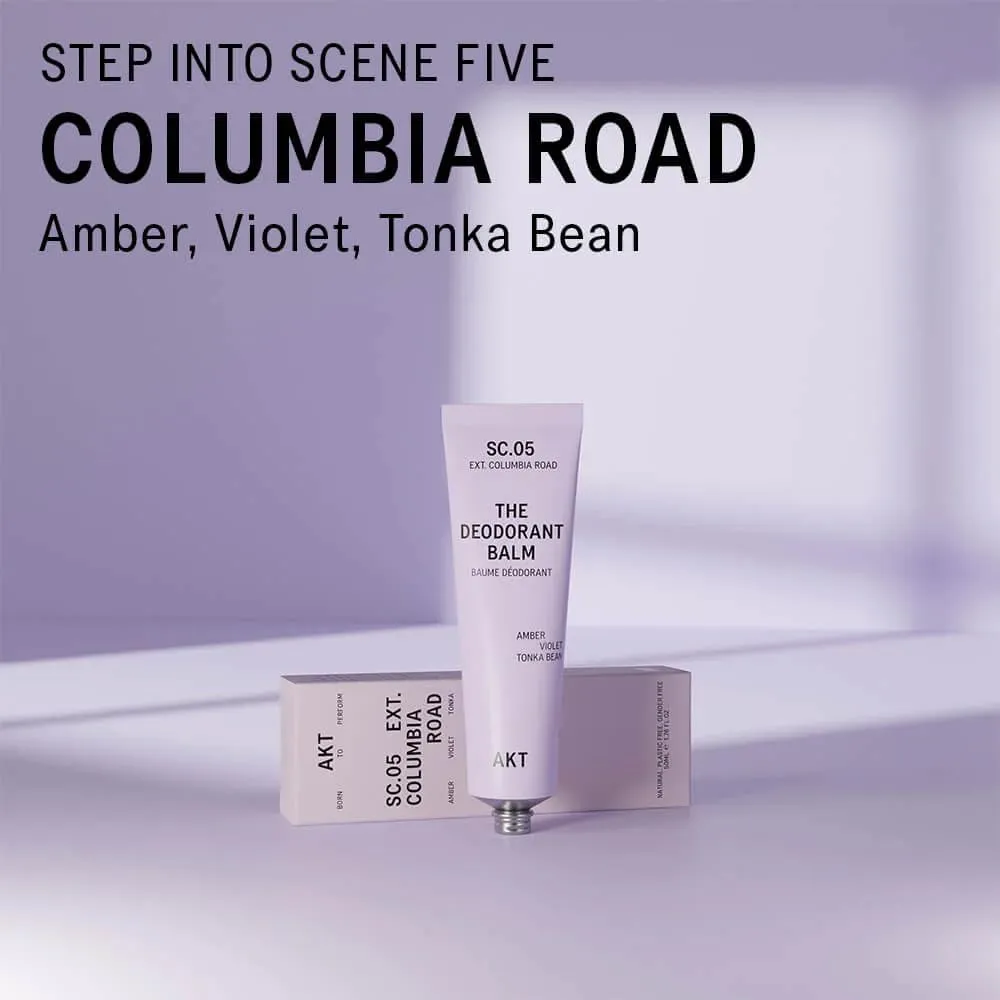tube sociably lasts up to 3 months. SC.05 COLUMBIA ROAD 50ml/1.76 FL.OZ AKT, THE DEODORANT BALM. Award winning, multi-use, natural deodorant. Plastic Free. Gender Free. Aluminium Free. 100% effective ?? 1 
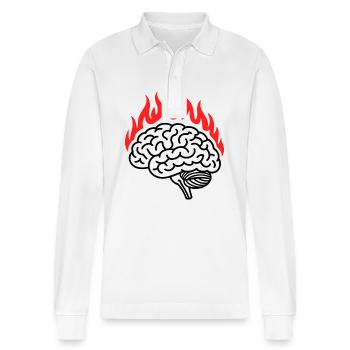 Overthinking - Funny Introvert Quote - Stanley/Stella Unisex Bio-Langarm-Poloshirt Prepster - Weiß - Vorne - Anna (173cm) & Nico (186cm)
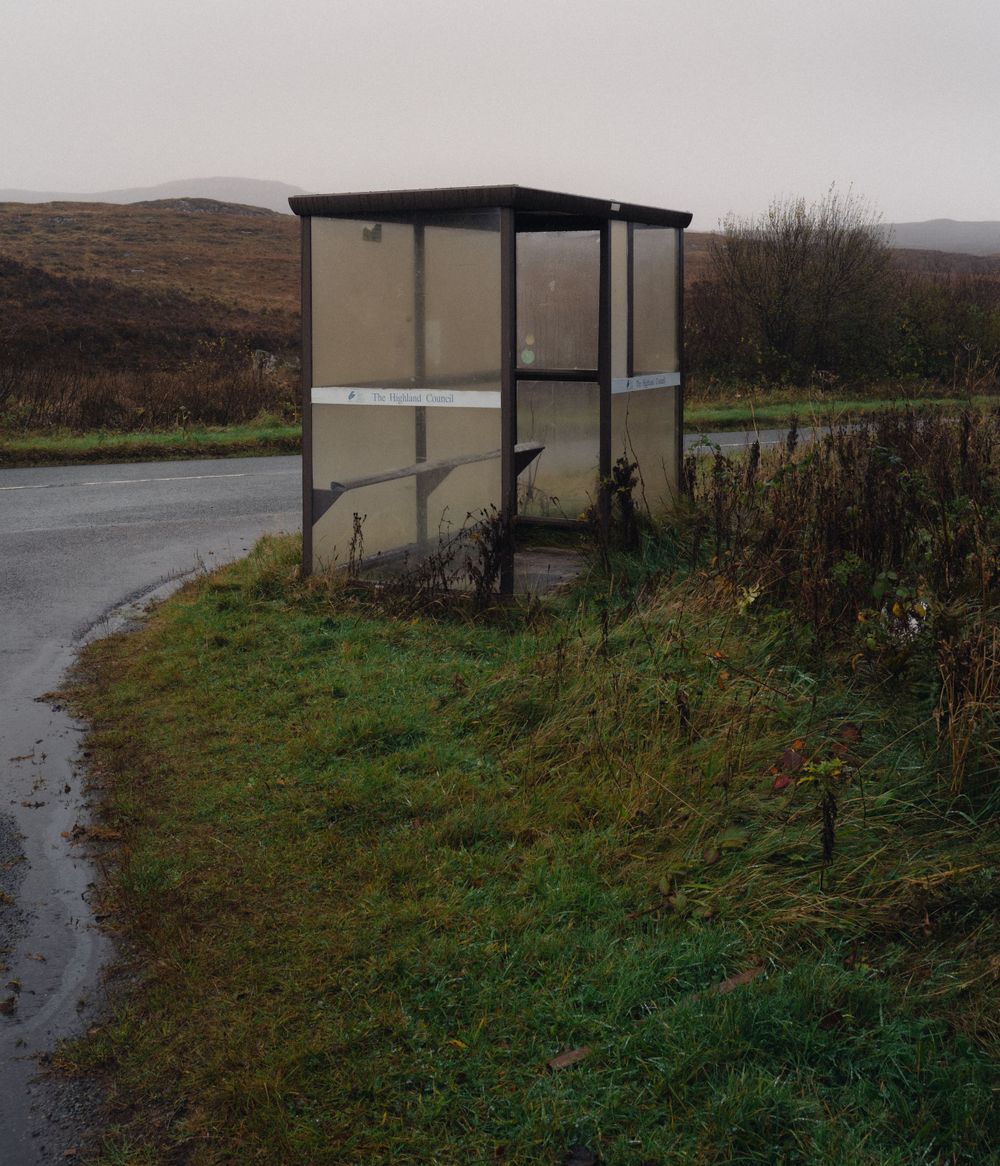 Surreal scene of a remote Scottish bus shelter on Skye, from the ongoing project Transcendence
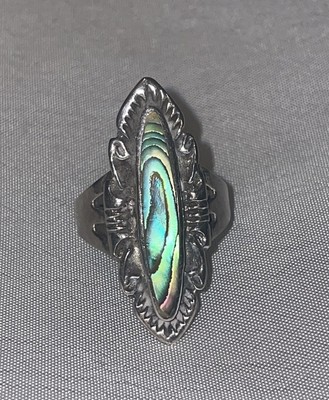 Ring Silber 925 mit Perlmutt Gr. 54 Vintage Design mit ornamentalen Details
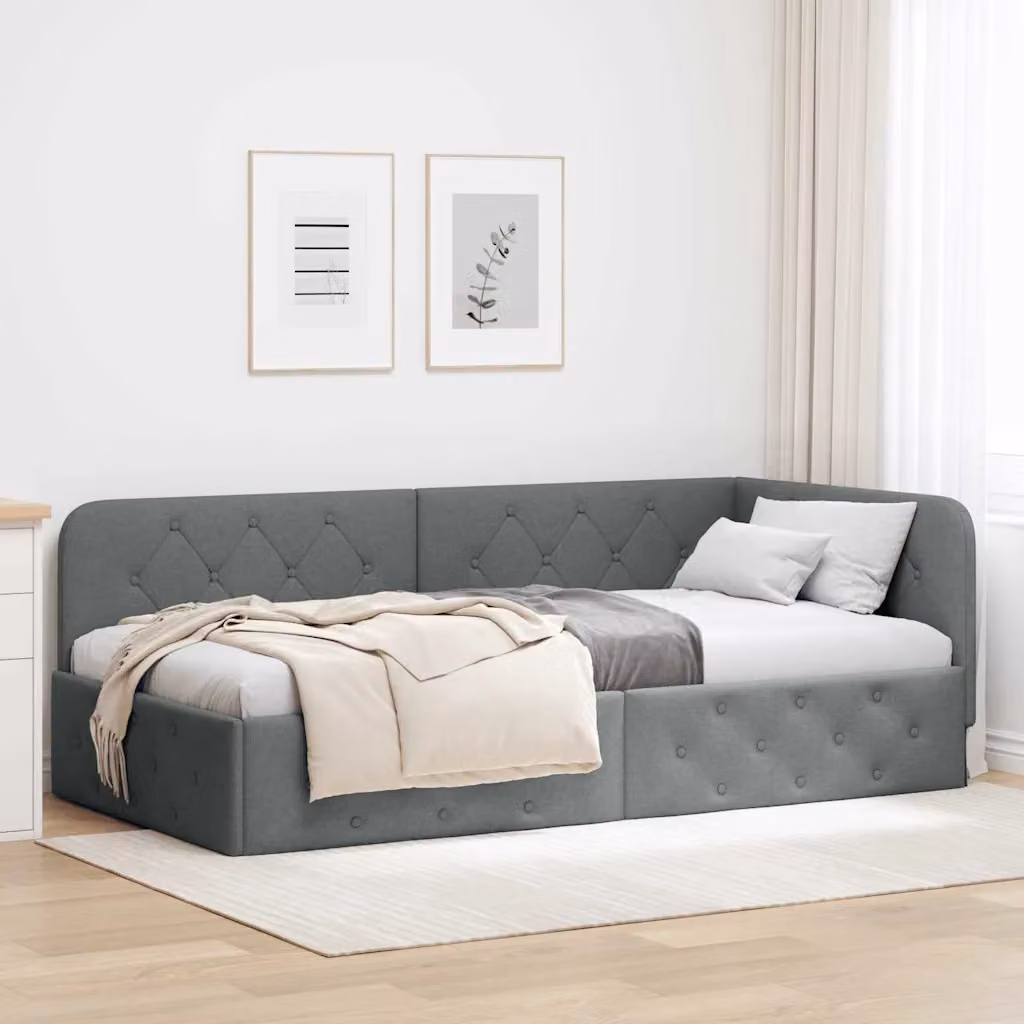 Cornice del letto ad angolo vidaXL in tessuto grigio, L/P/H: 190 x 90 x 72 cm – 1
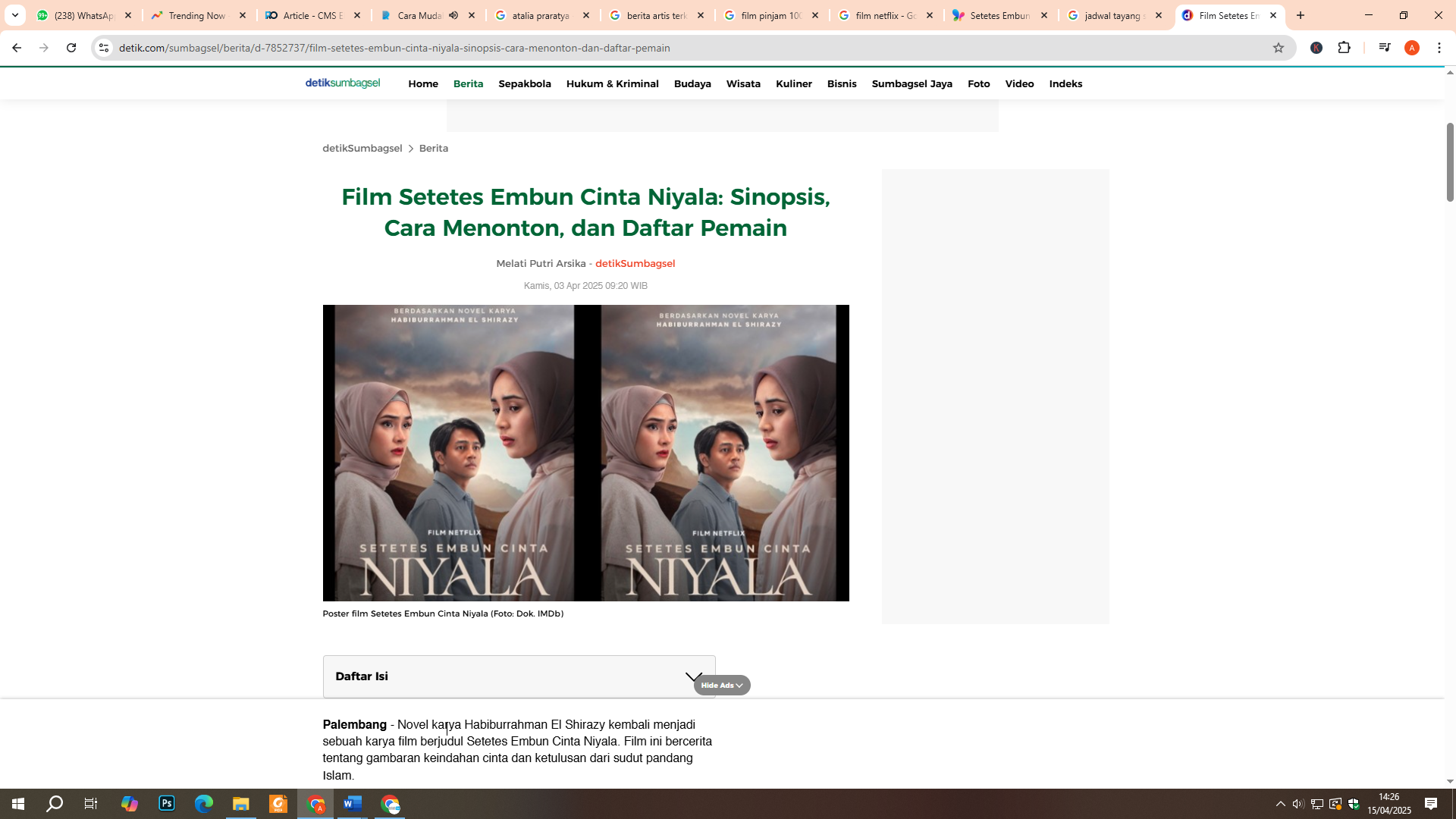 Film Setetes Embun Cinta Niyala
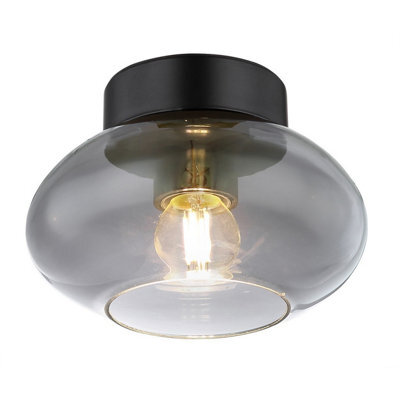 Luminosa Lighting Luminosa Shaun Globe Ceiling Light Matt Black Smoke Glass Shade 1X E27 - image 1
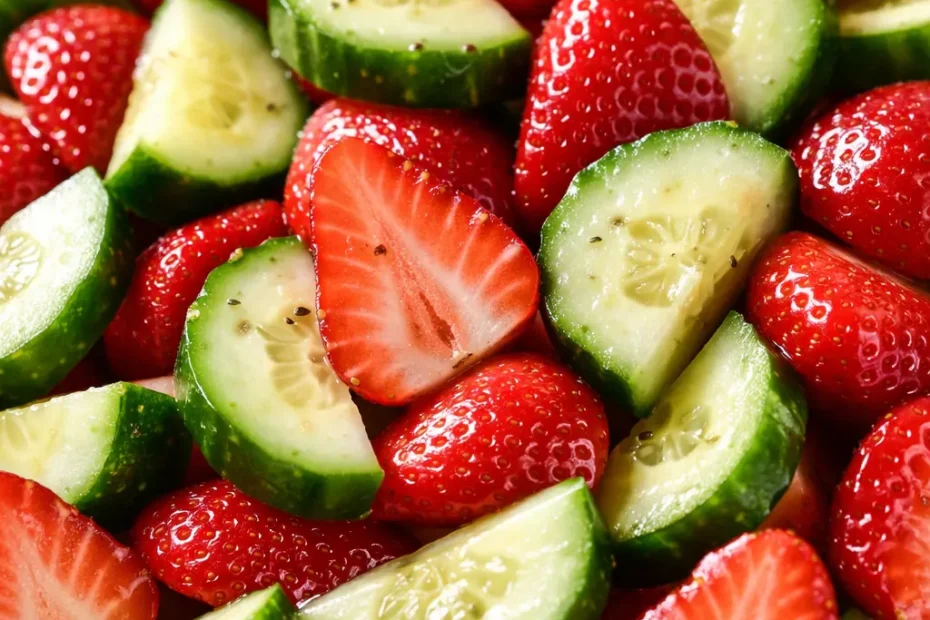 Fresh cucumber strawberry salad with vibrant green cucumber slices and red strawberries, crunchy texture, sweet and refreshing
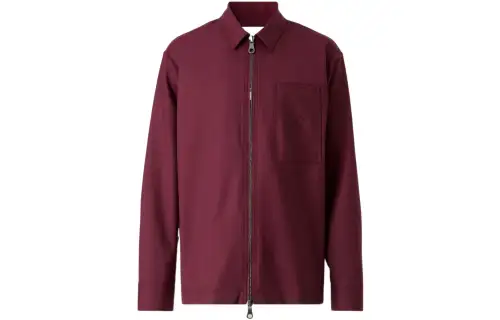 Burberry Logo Detail Wool Zip front Shirt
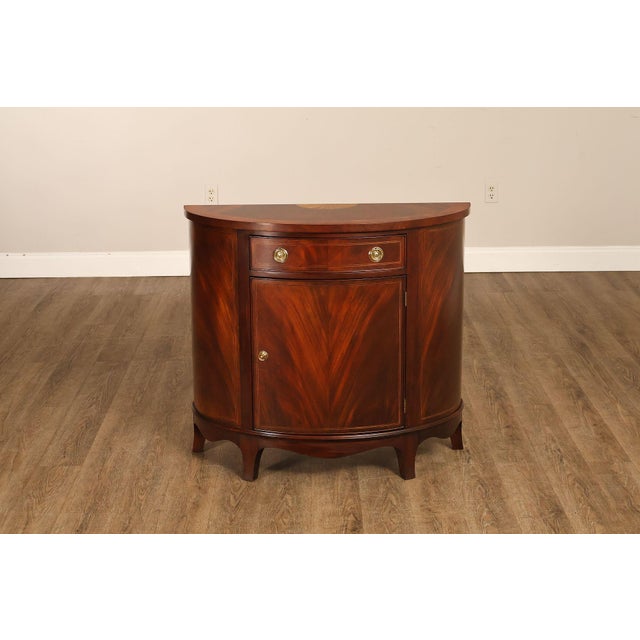 Henkel Harris Georgian Style Mahogany Demilune Console For Sale - Image 14 of 18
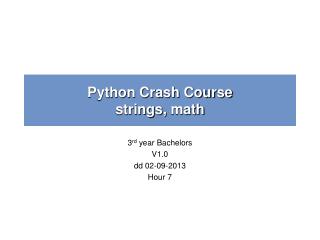 Python Crash Course strings, math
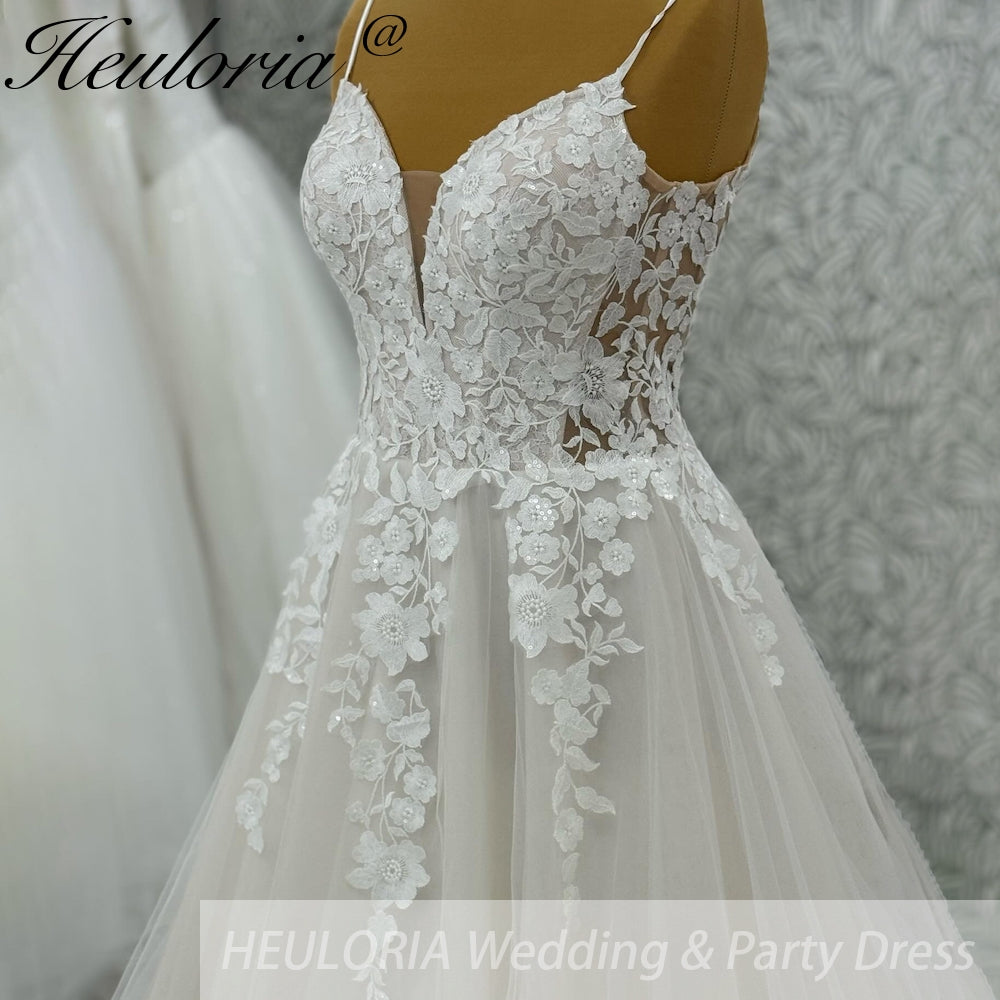 HEULORIA V Neck Sleeveless A line Wedding Dress Boho Lace Appliques Tulle Long Bridal Gowns Backless Vestidos de Novia Customized AL-1051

☆ ☆ ☆

Instructions for the task: Everything from the line with "Python Crash Course strings, math" through the end of the records is to be repeated exactly. The pictures are not.

Output of the task:
 Python Crash Course strings, math
 HEULORIA V Neck Sleeveless A line Wedding Dress Boho Lace Appliques Tulle Long Bridal Gowns Backless Vestidos de Novia Customized AL-1051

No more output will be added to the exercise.